5/10
MISSING THE POINT
2 December 2003
Despite the fact that considerable technical skill went into the recreating of Vermeer's lighting, there is virtually no evidence of Vermeer the painter in GIRL WITH A PEARL EARRING.

Instead of exploring the work of this genius, the master is trivialized with a dull, uninspired melodramatic story. That one should spent the length of a feature film considering the superficialities of the relationship between Johannes Vermeer and his wife, his maid, and his patron is evidence to me that, despite all of our electricity, we are living in a truly dark age.

In 1977, a Dutch director, Jos Stelling, made a film, unjustly ignored, about Rembrandt. His work, REMBRANDT FECITE 1669, re-created more than the artist's lighting, he re-created the man's soul. The camera moved in accordance with the painter's sensibilities, the story moved similarly. This film was a meditation on the man's work, a true attempt to re-create the time in which he lived. Vermeer deserved but has not received the same treatment.

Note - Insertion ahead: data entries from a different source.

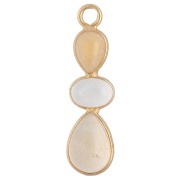 Pendente geometrico 29x8 mm dorato con oro fino, calcite gialla - cristallo di rocca - citrino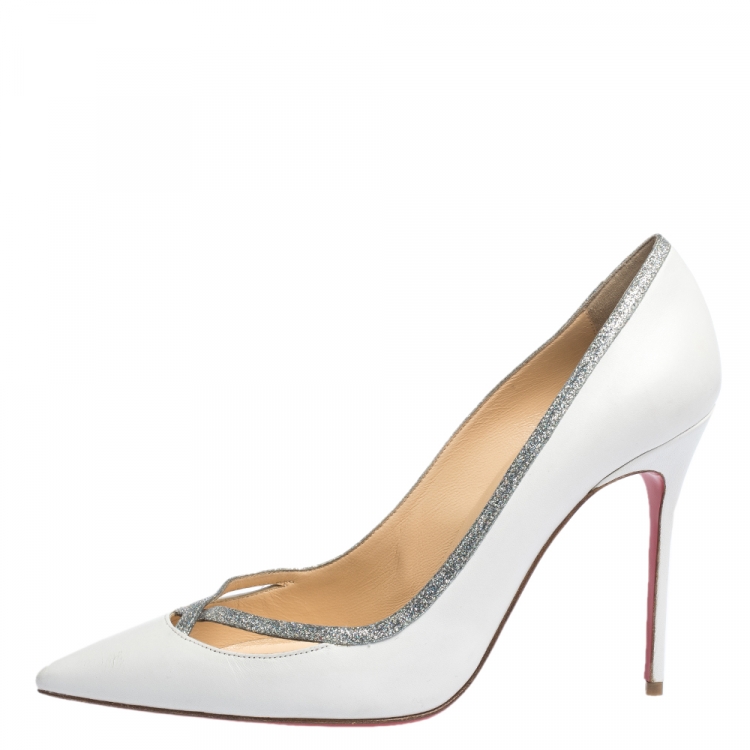 Pre Owned Christian Louboutin White Leather And Glitter Trim Pointed Toe Pumps Size 40
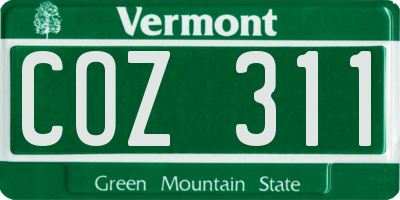 VT license plate COZ311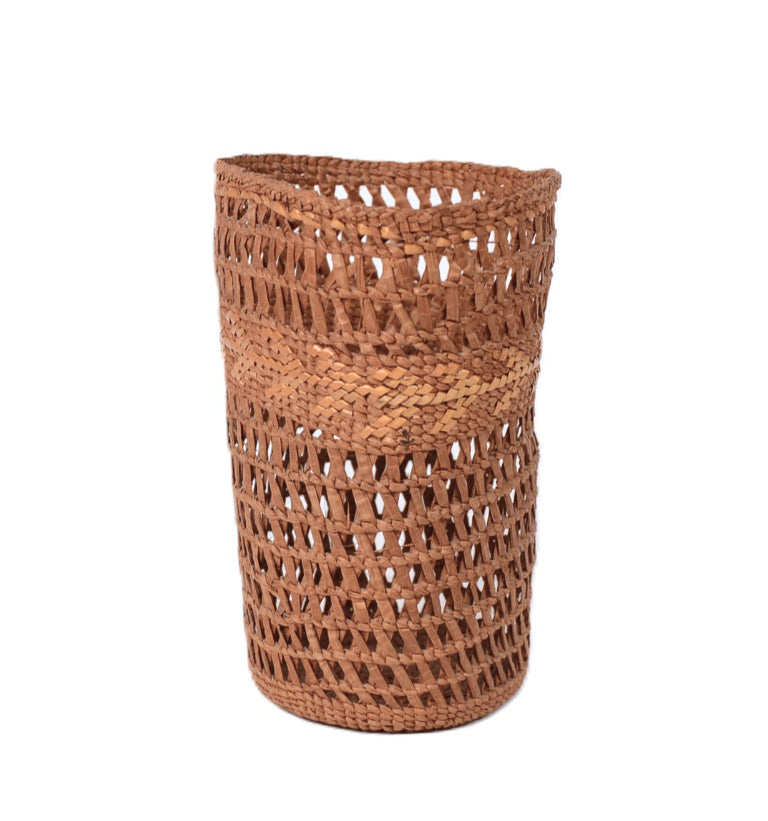 Tsimshian Tall Open Weave Basket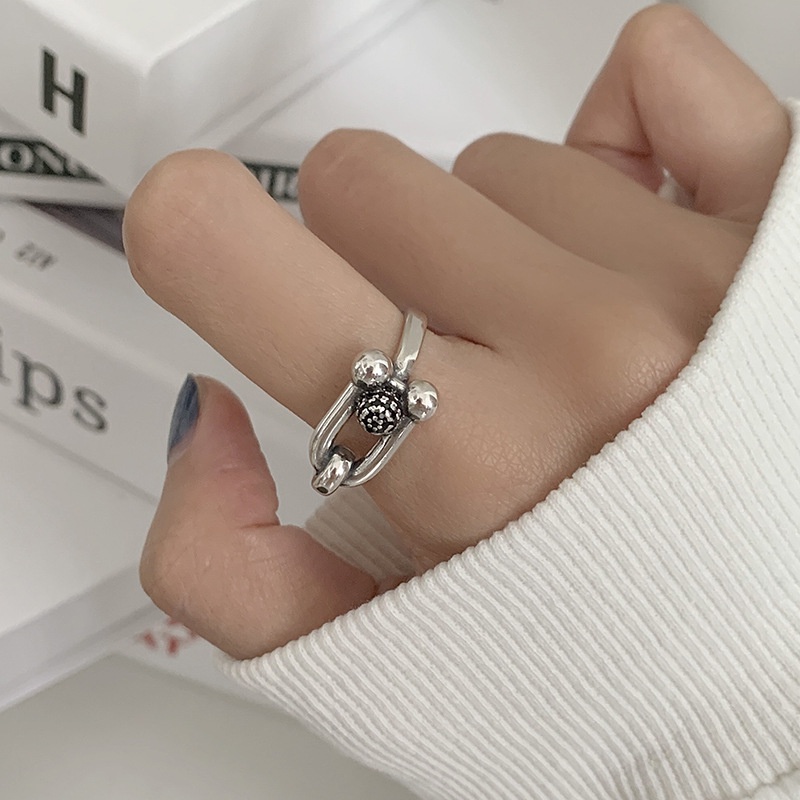 Nhẫn Bạc Đính Đá Đen Phong Cách Hip Hop Gothic Thời Trang Sáng Tạo Dành Cho Nữ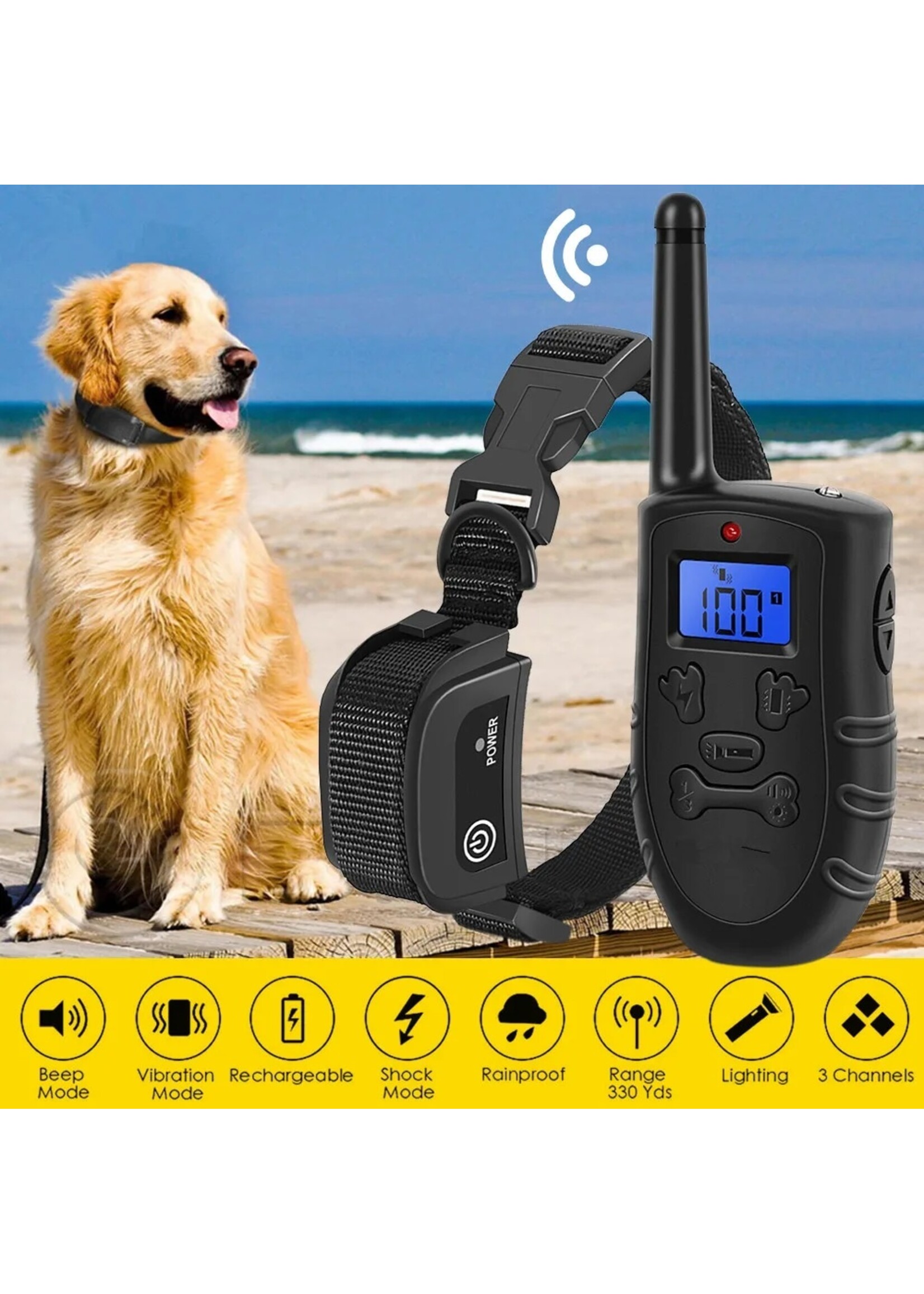 Afstandsbediening Oplaadbare hondentrainingshalsband elektrische hondhalsband anti-blaf waterdichte afstandsbediening halsband huisdiertrainer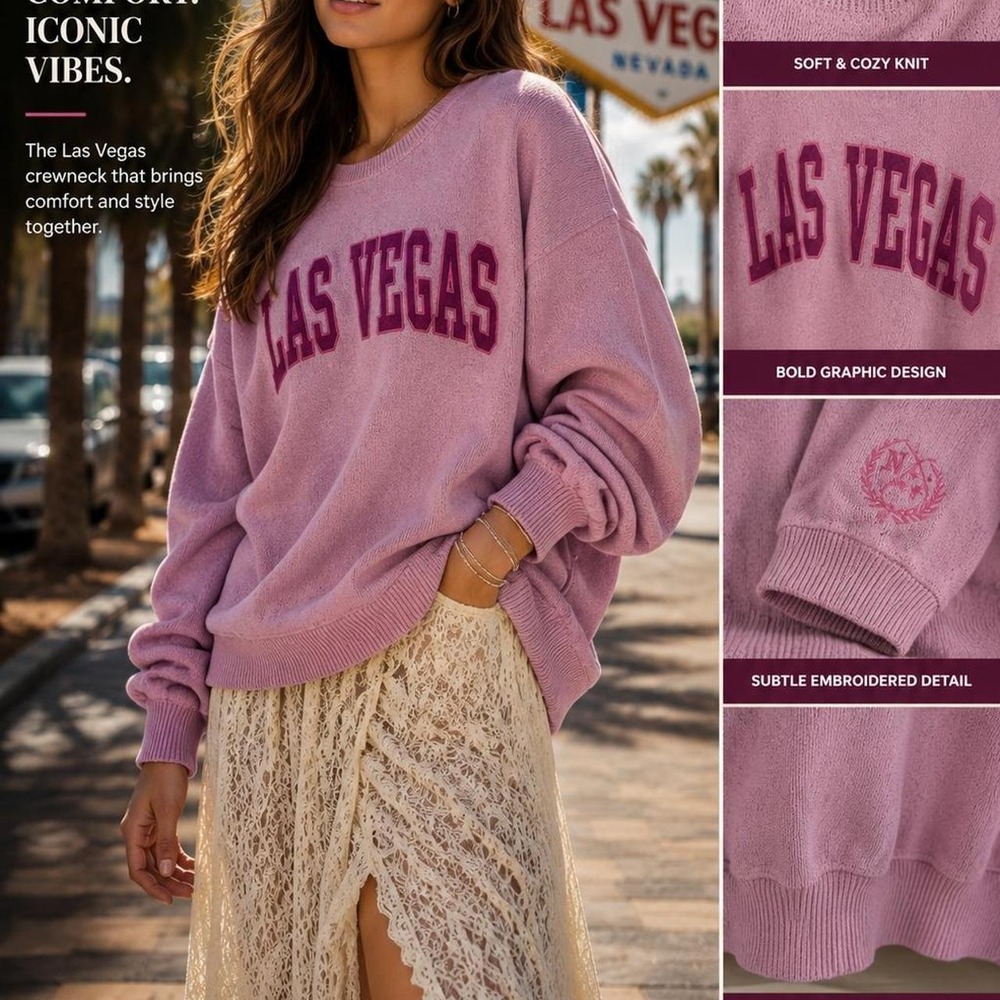 Las Vegas Graphic Crewneck Sweater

The fundamental problem with GIRL WITH A PEARL EARRING lies in its presumption that Vermeer's personal genius had something to do with the man - as a husband, a lover, a son-in-law, or whatever the hell else he was. What is missing entirely is that Vermeer had a talent and sensibility for capturing the most ineffable qualities of life - his was a gift of observation, not participation. What happened in the artist's personal dramas is completely irrelevant to the more lasting sensation of his method of observing.

It should be about how he saw things, not what actually happened.